Task:
Please print the entries below exactly, from the line with "Tuyệt Thế Vô Song Chapter 29 trang 10" through the line with "Насадка-фаллоимитатор на кожаных", including both of those lines and leaving out all others.

Study material:
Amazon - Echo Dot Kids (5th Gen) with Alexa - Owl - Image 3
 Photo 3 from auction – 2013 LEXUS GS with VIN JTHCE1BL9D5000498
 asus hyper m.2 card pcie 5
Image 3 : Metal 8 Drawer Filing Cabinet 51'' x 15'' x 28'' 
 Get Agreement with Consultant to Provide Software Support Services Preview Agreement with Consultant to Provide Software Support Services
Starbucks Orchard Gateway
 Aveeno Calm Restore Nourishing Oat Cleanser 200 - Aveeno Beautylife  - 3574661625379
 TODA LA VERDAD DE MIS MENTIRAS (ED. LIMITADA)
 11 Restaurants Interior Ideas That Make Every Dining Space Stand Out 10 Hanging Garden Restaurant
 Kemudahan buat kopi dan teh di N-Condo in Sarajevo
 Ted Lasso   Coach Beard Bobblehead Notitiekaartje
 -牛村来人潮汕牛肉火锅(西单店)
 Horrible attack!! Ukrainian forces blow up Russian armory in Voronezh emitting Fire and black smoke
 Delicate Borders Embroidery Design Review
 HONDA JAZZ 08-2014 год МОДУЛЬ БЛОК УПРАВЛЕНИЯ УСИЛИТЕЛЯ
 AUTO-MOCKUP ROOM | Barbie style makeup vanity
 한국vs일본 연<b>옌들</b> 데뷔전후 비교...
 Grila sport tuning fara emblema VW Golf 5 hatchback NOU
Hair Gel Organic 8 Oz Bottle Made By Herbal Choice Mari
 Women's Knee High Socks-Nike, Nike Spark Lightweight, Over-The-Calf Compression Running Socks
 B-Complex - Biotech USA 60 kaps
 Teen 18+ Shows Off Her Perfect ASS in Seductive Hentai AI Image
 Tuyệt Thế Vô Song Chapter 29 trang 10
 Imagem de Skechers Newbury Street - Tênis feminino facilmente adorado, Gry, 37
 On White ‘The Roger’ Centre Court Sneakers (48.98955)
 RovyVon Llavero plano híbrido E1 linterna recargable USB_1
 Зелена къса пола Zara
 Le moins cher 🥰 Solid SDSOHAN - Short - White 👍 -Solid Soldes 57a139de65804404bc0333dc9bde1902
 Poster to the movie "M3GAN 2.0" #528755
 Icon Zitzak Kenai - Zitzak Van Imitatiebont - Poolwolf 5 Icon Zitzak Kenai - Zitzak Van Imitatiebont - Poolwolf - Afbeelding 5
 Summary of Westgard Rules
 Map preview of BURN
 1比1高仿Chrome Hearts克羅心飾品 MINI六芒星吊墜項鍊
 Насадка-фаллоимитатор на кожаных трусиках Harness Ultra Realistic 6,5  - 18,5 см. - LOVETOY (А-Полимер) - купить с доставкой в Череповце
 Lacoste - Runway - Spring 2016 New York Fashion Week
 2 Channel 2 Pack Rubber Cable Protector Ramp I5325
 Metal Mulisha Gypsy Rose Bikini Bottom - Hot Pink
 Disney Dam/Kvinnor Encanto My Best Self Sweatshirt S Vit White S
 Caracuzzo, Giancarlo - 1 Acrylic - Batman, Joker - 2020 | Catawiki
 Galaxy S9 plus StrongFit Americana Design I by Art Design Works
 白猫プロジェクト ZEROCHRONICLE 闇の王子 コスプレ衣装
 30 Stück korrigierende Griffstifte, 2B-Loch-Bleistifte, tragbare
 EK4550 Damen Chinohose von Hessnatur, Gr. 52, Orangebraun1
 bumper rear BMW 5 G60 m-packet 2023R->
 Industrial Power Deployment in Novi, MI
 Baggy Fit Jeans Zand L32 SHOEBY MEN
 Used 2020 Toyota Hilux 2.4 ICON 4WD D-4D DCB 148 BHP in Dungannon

Result:
 Tuyệt Thế Vô Song Chapter 29 trang 10
 Imagem de Skechers Newbury Street - Tênis feminino facilmente adorado, Gry, 37
 On White ‘The Roger’ Centre Court Sneakers (48.98955)
 RovyVon Llavero plano híbrido E1 linterna recargable USB_1
 Зелена къса пола Zara
 Le moins cher 🥰 Solid SDSOHAN - Short - White 👍 -Solid Soldes 57a139de65804404bc0333dc9bde1902
 Poster to the movie "M3GAN 2.0" #528755
 Icon Zitzak Kenai - Zitzak Van Imitatiebont - Poolwolf 5 Icon Zitzak Kenai - Zitzak Van Imitatiebont - Poolwolf - Afbeelding 5
 Summary of Westgard Rules
 Map preview of BURN
 1比1高仿Chrome Hearts克羅心飾品 MINI六芒星吊墜項鍊
 Насадка-фаллоимитатор на кожаных трусиках Harness Ultra Realistic 6,5  - 18,5 см. - LOVETOY (А-Полимер) - купить с доставкой в Череповце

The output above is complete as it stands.